Python API

Train module

This module contains all routines for training GDML and sGDML models.

class sgdml.train.GDMLTrain(max_memory=None, max_processes=None, use_torch=False)[source]

Bases: object

_assemble_kernel_mat(R_desc, R_d_desc, tril_perms_lin, sig, desc, use_E_cstr=False, col_idxs=slice(None, None, None), alloc_extra_rows=0, callback=None)[source]

Compute force field kernel matrix.

The Hessian of the Matern kernel is used with n = 2 (twice differentiable). Each row and column consists of matrix-valued blocks, which encode the interaction of one training point with all others. The result is stored in shared memory (a global variable).

Parameters
  • R_desc (numpy.ndarray) – Array containing the descriptor for each training point.

  • R_d_desc (numpy.ndarray) – Array containing the gradient of the descriptor for each training point.

  • tril_perms_lin (numpy.ndarray) – 1D array containing all recovered permutations expanded as one large permutation to be applied to a tiled copy of the object to be permuted.

  • sig (int) – Hyper-parameter :math:`sigma`(kernel length scale).
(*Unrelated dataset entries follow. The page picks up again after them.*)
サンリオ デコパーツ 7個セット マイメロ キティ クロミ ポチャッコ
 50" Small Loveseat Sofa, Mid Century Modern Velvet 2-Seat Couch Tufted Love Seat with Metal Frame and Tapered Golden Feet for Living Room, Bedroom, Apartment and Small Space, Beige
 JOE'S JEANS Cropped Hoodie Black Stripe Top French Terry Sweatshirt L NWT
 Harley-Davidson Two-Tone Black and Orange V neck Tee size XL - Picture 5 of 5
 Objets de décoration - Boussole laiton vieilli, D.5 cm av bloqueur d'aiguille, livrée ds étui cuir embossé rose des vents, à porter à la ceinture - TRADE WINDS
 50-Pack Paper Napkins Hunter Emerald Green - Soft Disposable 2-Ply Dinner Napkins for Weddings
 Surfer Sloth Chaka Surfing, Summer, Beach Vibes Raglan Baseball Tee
  • use_E_cstr (bool, optional) – True: include energy constraints in the kernel, False: default (s)GDML kernel.

  • callback (callable, optional) – Kernel assembly progress function that takes three arguments:

    currentint

    Current progress (number of completed entries).

    totalint

    Task size (total number of entries to create).

    done_strstr, optional

    Once complete, this string contains the time it took to assemble the kernel (seconds).

  • cols_m_limit (int, optional (DEPRECATED)) – Only generate the columns up to index ‘cols_m_limit’. This creates a M*3N x cols_m_limit*3N kernel matrix, instead of M*3N x M*3N.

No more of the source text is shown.